Imports entering the U.S. exclusively under AGOA (excluding GSP) increased 17.8 percent to $9.4 billion. The top two major petroleum-producing AGOA beneficiary countries, Nigeria and Angola, both experienced increases in the value and quantity of their exports of crude petroleum to the U.S. under AGOA.
Caribbean. Seventeen countries and dependent territories were eligible for preferences under the Caribbean Basin Economic Recovery Act and eight were eligible for Caribbean Basin Trade Partnership Act preferences. U.S. imports under CBERA fell 43.2 percent to $876 million, mainly reflecting a decline in U.S. imports of methanol, apparel, and crude petroleum, which are major imports from CBERA countries. Trinidad and Tobago remained the leading supplier of U.S. imports under CBERA at 43.8 percent of the total value, followed by Haiti at 36.3 percent and Jamaica at 8.6 percent. U.S. imports of apparel from Haiti fell 5.2 percent to $848.5 million but the value of such imports entering under the HOPE acts grew 7.5 percent to $535.0 million.

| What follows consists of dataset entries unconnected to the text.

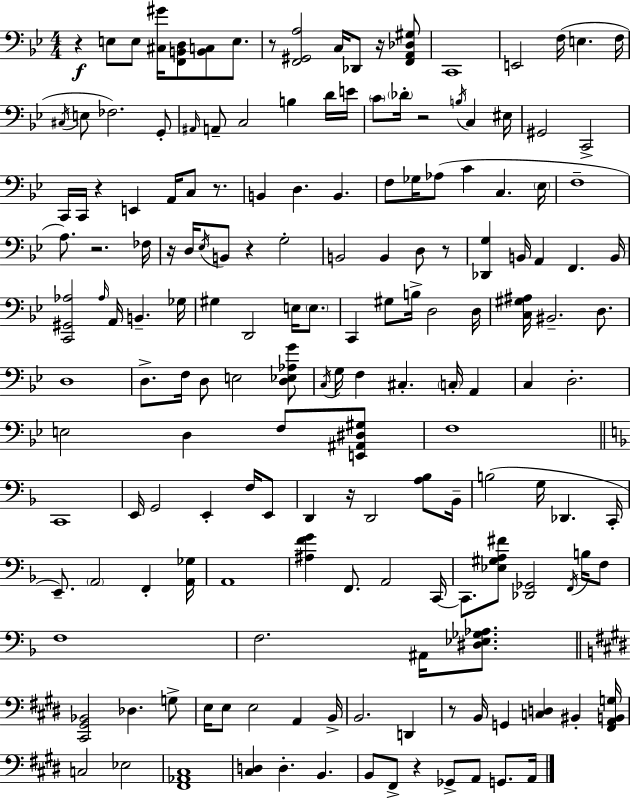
{
  \clef bass
  \numericTimeSignature
  \time 4/4
  \key g \minor
  r4\f e8 e8 <cis gis'>16 <f, b, d>8 <b, c>8 e8. | r8 <f, gis, a>2 c16 des,8 r16 <f, a, des gis>8 | c,1 | e,2 f16( e4. f16 | \break \acciaccatura { cis16 } e8 fes2.) g,8-. | \grace { ais,16 } a,8-- c2 b4 | d'16 e'16 \parenthesize c'8 \parenthesize des'16-. r2 \acciaccatura { b16 } c4 | eis16 gis,2 c,2-> | \break c,16 c,16 r4 e,4 a,16 c8 | r8. b,4 d4. b,4. | f8 ges16 aes8( c'4 c4. | \parenthesize ees16 f1-- | \break a8.) r2. | fes16 r16 d16 \acciaccatura { ees16 } b,8 r4 g2-. | b,2 b,4 | d8 r8 <des, g>4 b,16 a,4 f,4. | \break b,16 <c, gis, aes>2 \grace { aes16 } a,16 b,4.-- | ges16 gis4 d,2 | e16 \parenthesize e8. c,4 gis8 b16-> d2 | d16 <c gis ais>16 bis,2.-- | \break d8. d1 | d8.-> f16 d8 e2 | <d ees aes g'>8 \acciaccatura { c16 } g16 f4 cis4.-. | \parenthesize c16-. a,4 c4 d2.-. | \break e2 d4 | f8 <e, ais, dis gis>8 f1 | \bar "||" \break \key f \major c,1 | e,16 g,2 e,4-. f16 e,8 | d,4 r16 d,2 <a bes>8 bes,16-- | b2( g16 des,4. c,16-. | \break e,8.--) \parenthesize a,2 f,4-. <a, ges>16 | a,1 | <ais f' g'>4 f,8. a,2 c,16~~ | c,8. <ees gis a fis'>8 <des, ges,>2 \acciaccatura { f,16 } b16 f8 | \break f1 | f2. ais,16 <dis ees ges aes>8. | \bar "||" \break \key e \major <cis, gis, bes,>2 des4. g8-> | e16 e8 e2 a,4 b,16-> | b,2. d,4 | r8 b,16 g,4 <c d>4 bis,4-. <fis, a, b, g>16 | \break c2 ees2 | <fis, aes, cis>1 | <cis d>4 d4.-. b,4. | b,8 fis,8-> r4 ges,8-> a,8 g,8. a,16 | \break \bar "|."
}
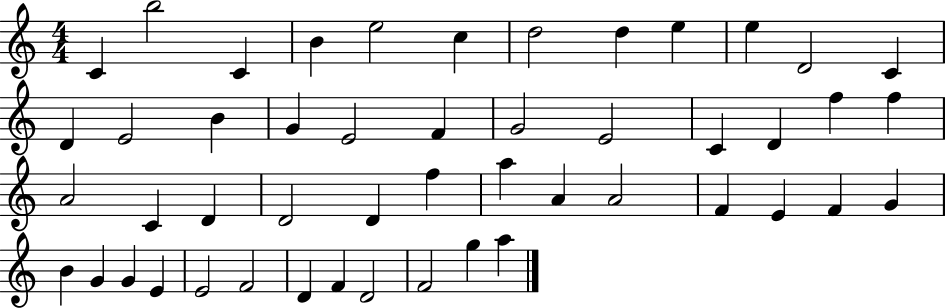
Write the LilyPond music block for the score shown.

{
  \clef treble
  \numericTimeSignature
  \time 4/4
  \key c \major
  c'4 b''2 c'4 | b'4 e''2 c''4 | d''2 d''4 e''4 | e''4 d'2 c'4 | \break d'4 e'2 b'4 | g'4 e'2 f'4 | g'2 e'2 | c'4 d'4 f''4 f''4 | \break a'2 c'4 d'4 | d'2 d'4 f''4 | a''4 a'4 a'2 | f'4 e'4 f'4 g'4 | \break b'4 g'4 g'4 e'4 | e'2 f'2 | d'4 f'4 d'2 | f'2 g''4 a''4 | \break \bar "|."
}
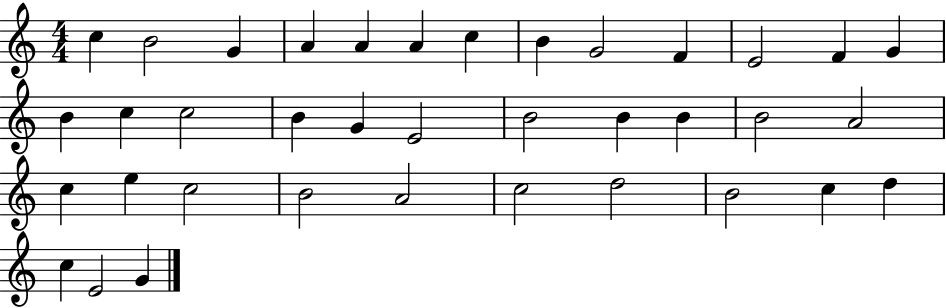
X:1
T:Untitled
M:4/4
L:1/4
K:C
c B2 G A A A c B G2 F E2 F G B c c2 B G E2 B2 B B B2 A2 c e c2 B2 A2 c2 d2 B2 c d c E2 G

Trade with FTA Partners. Two-way goods trade between the U.S. and its FTA partners amounted to $1.4 trillion, or 39.1 percent of total U.S goods trade. Canada and Mexico accounted for 75.0 percent of this amount and the U.S. goods trade deficit with these countries fell by 1.2 percent to $75.3 billion. U.S. goods trade with other FTA partners declined 5.2 percent to $356.2 billion and the U.S. registered a $3.1 billion surplus in such trade, down 74.4 percent from 2015.
The value of U.S. imports entered under FTAs and subject to FTA duty reductions and eliminations rose 0.3 percent to $374.2 billion. Imports under FTAs accounted for 50 percent of total imports from FTA partners and 17.1 percent of total U.S. imports from the world. The largest increase in imports under an FTA was with Korea (95.3 percent), followed by Oman (35.8 percent) and Panama (31.9 percent).
WTO Dispute Settlement. Of the 17 new requests for dispute settlement consultations filed with the WTO, the U.S. was involved in three as the complainant and five as the respondent. There were eight new dispute settlement panels established, including one at the request of the U.S. and one against the U.S.
Trade Deficit. The value of goods exports fell 3.3 percent to $1.45 trillion while goods imports lost 2.6 percent to $2.19 trillion, resulting in an overall goods trade deficit of $735.5 billion. The U.S. registered trade surpluses in agricultural products ($9.3 billion) and services ($250.6 billion).